With an estimated 10,000 new baby boomers qualifying for Social
Security each day, the milk will soon run out. In the coming years,
my generation, the Millennials (born from the 1980s through the
mid-1990s), will bankroll a retirement scheme for our elders that
we ourselves will never participate in, at least not in the same
way. A steadily declining birthrate fed by abortion on demand, a
swiftly graying population, an extended average life span, and
unsustainable national spending have created a perfect storm for
Social Security and set the stage for a titanic generational
war.
The armies are equally strong in population. Millennials—also
known as Generation Y or echo boomers—are roughly equivalent in
number to boomers (born in the post-war years of 1946 to 1964).
boomers have paid into Social Security throughout their working
careers and feel entitled to the promised benefits. But we
Millennials also feel entitled to keep the fruits of our labor and
are hesitant to pay into a system that likely won’t be around when
it’s our turn to retire.
Although equal in number, the two generations are far from equal
in political power. Millennials are just now entering the political
and financial world, while boomers command the top echelons of
society. Millennials might determine what’s trendy in music and
fashion, but boomers pull the strings of power. (Their clout is
shared with some members of Generation X, born from the mid-1960s
through the 1970s, and the Silent Generation, born during the
Roaring Twenties through the Great Depression and World War
II.)
As a result, the will to implement meaningful reform of Social
Security has been absent. Those who have retired, or are nearing
retirement, don’t want to see their benefits affected. The end
result of inaction is clear: The Social Security Trust Fund will go
bankrupt by 2037. Accordingly, Millennials will pay into a system
for decades but see no benefits (at worst) or reduced benefits (at
best).
The generational fleecing isn’t confined to Millennials.

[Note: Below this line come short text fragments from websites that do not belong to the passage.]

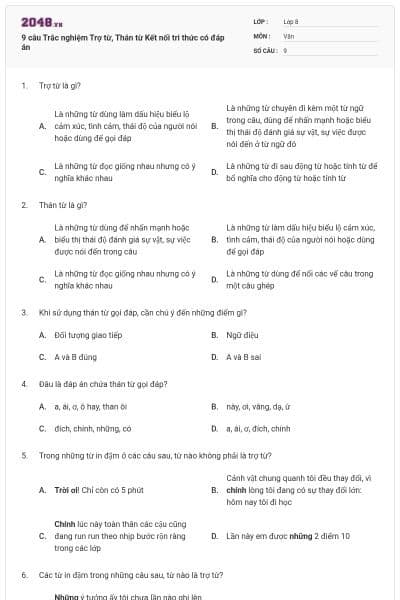 9 câu Trắc nghiệm Trợ từ, Thán từ Kết nối tri thức có đáp án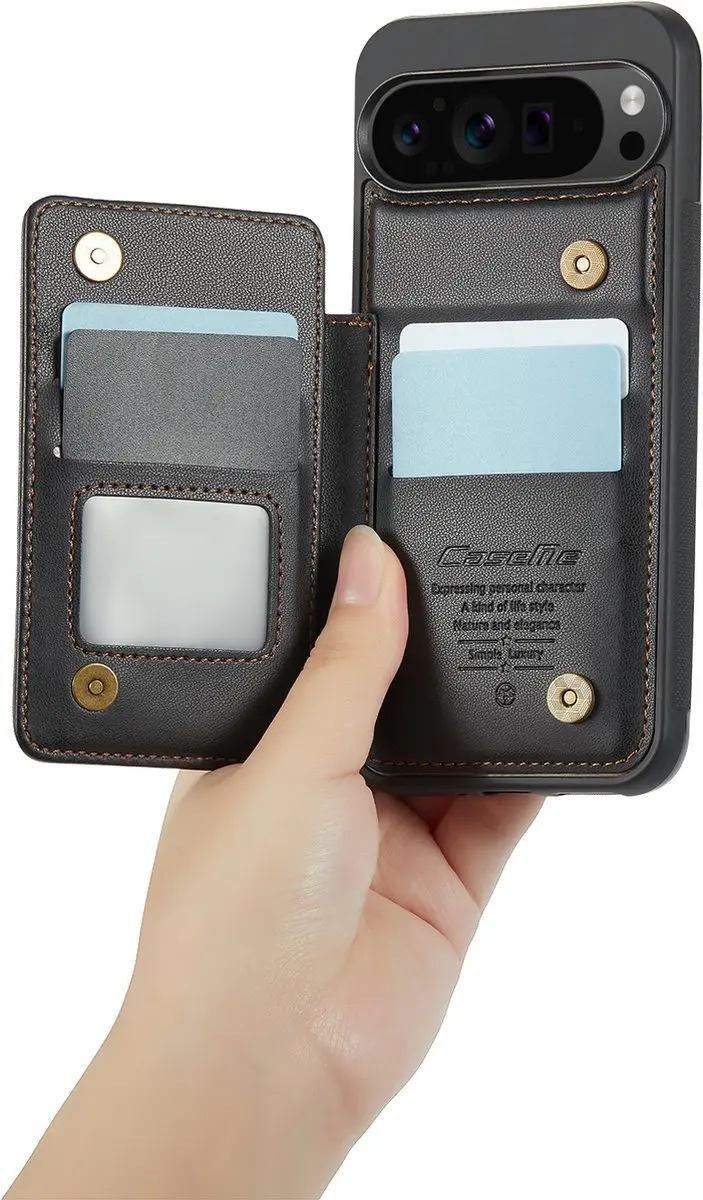 Caseme Portemonnee Backcover Pixel 9 Pro XL/10 Pro XL - Anti-RFID - 4 Pasjes - Zwart - afbeelding 6 van 6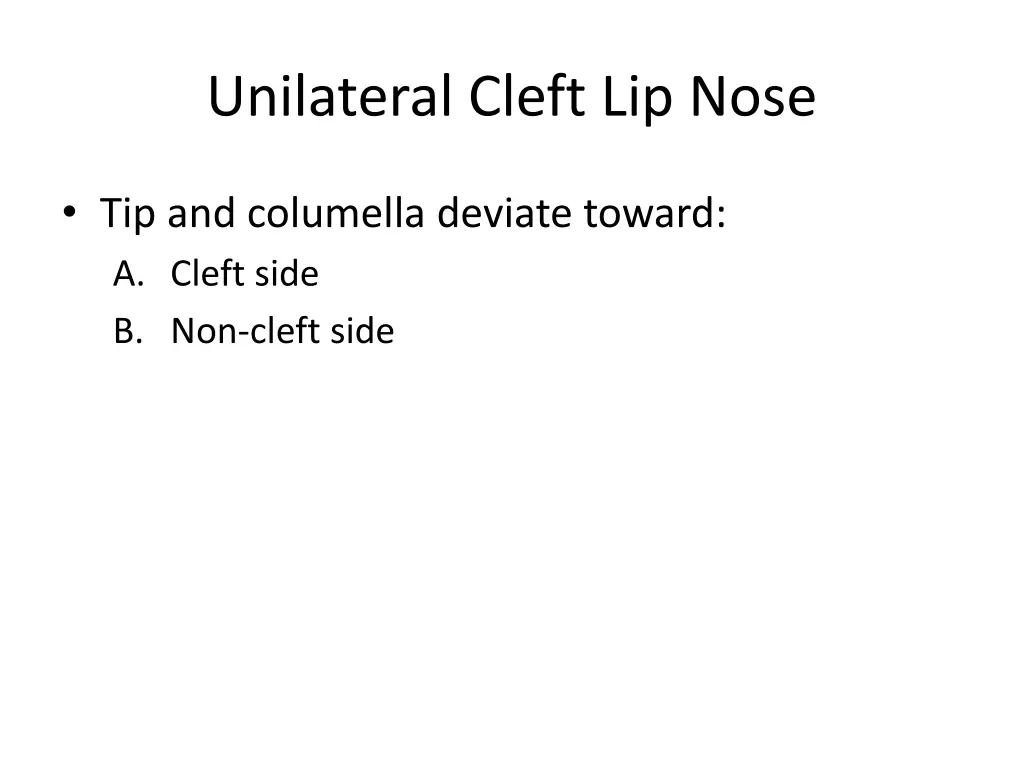 unilateral cleft lip nose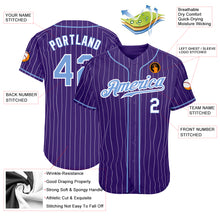 Load image into Gallery viewer, Custom Purple White Pinstripe Light Blue-White Authentic Baseball Jersey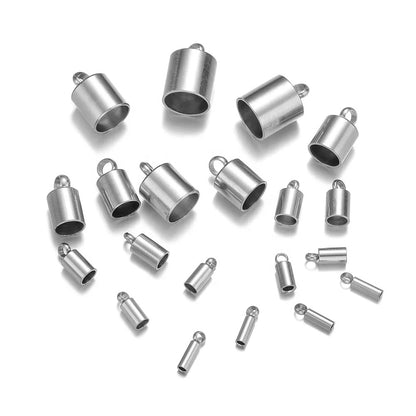 BE01A Bucket cord end cap for necklace making 316 Stainless steel ( 1 pc ) Anti tarnish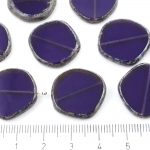 Coin Round Window Table Cut Flat Czech Beads - Picasso Brown Crystal Dark Purple Tanzanite - 22mm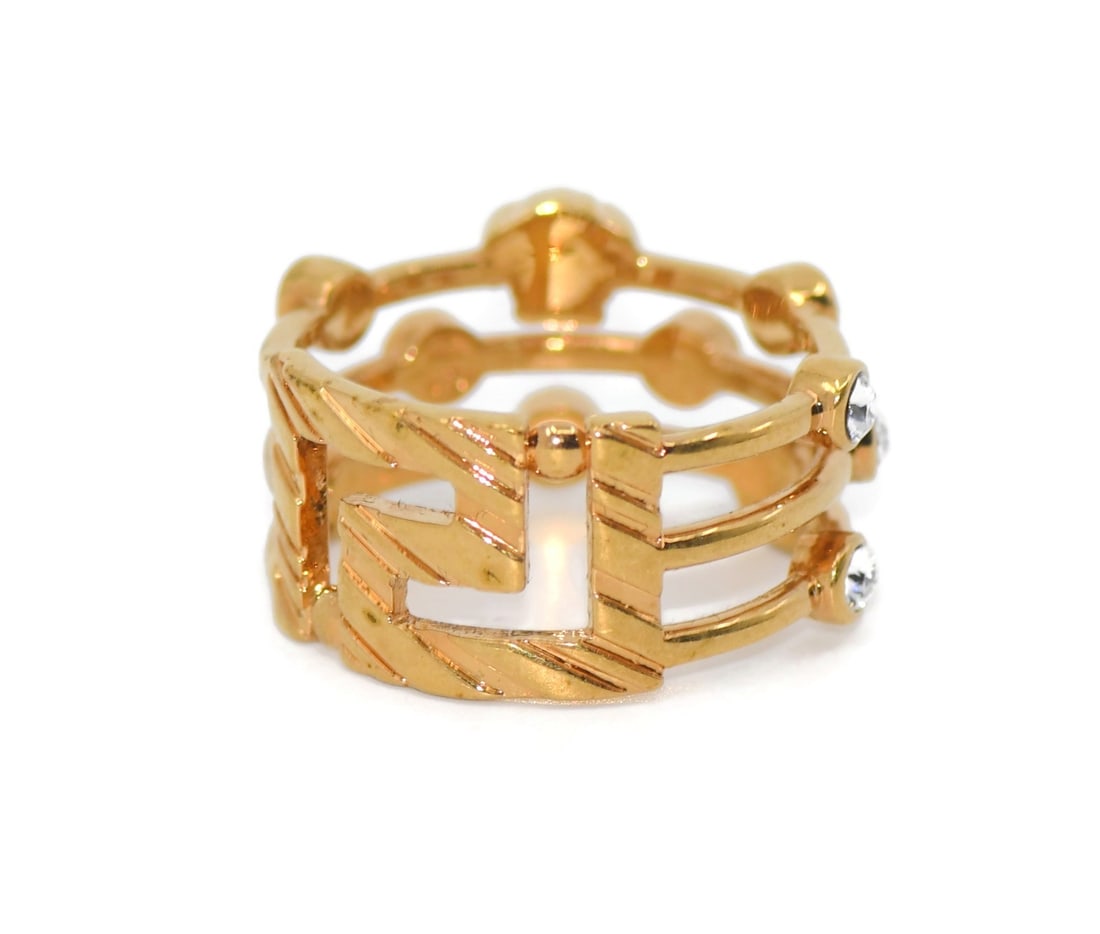 Gold Plated Versace Ring in 8.5 Size - 3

Generation X, composed of those currently in their 30s and 40s,
will see drastically diminished benefits as well. Thomas Firey,
managing editor of the Cato Institute’s publication
Regulation, made the point in an article published more
than a decade ago. While young people now have 12.4 percent of our
earnings commandeered by Social Security, boomers who entered the
workforce in the late 1960s paid only 6.5 percent of their earnings
to the entitlement. Even later, when the payroll tax was raised,
Firey estimated that boomers paid around 10 percent during the
latter half of their working careers.
“That’s the boomers’ bargain: They’ve paid less of their
earnings into Social Security than we Gen-X/Yers, yet they’ll
receive more in benefits than we will and we’ll pick up the tab,”
Firey wrote. “And when we retire, there will be no money saved in
Social Security to pay for our retirement, unless we pull the same
scam on our children that the boomers are pulling on us.”
Given that reality, it’s a political wonder that Texas Governor
Rick Perry was roundly criticized for calling Social Security a
Ponzi scheme. Particularly for young people, that’s precisely what
it is.
The result for my generation is an even worse financial picture
than many have predicted. Millennials’ mentality of instant
gratification, combined with a poor job market, means that we
aren’t saving for retirement. Yet we won’t have two key retirement
benefits—Social Security and pensions—that are available to older
generations. In addition, the dearth of jobs means we are losing
key earning and saving years that could go a long way toward
alleviating the retirement debacle.
The news isn’t all gloom and despair. Millennials don’t have
their collective heads in the sand on Social Security’s insolvency.
A recent Pew Research Center report found that 72 percent of
Millennials don’t expect Social Security to be their main source of
retirement income, and 42 percent don’t think they will get income
from the entitlement at all. That’s why Generation Y is far more
willing to support an overhaul. The same Pew survey found that an
overwhelming number of Millennials, 86 percent, support reforms
that would allow them to invest their Social Security contributions
in a private retirement account.
A clear indicator of their mistrust in government is that young
people would rather invest their money in the up-and-down stock
market than rely on the government to keep the funds safe and
untouched until their golden years. Millennials support choice in
Social Security, even as many boomers and members of the Silent
Generation consistently resist it. As Generation Y gains more
political clout in the coming decades, desire for more substantial
reform will accompany it.
But there is plenty of bad news. Although Generation Y might
acknowledge Social Security’s insolvency, we aren’t doing anything
about it from a personal responsibility standpoint. Our spending,
saving, and general financial habits are abysmal. For those in my
generation fortunate enough to be employed, and fortunate enough to
have an employer who offers retirement savings benefits, nearly
three-fourths do not take full advantage of the matching programs,
according to an Aon Hewitt study from 2010. Worse, Hewitt found
that 60 percent of workers in their 20s cashed out their 401(k)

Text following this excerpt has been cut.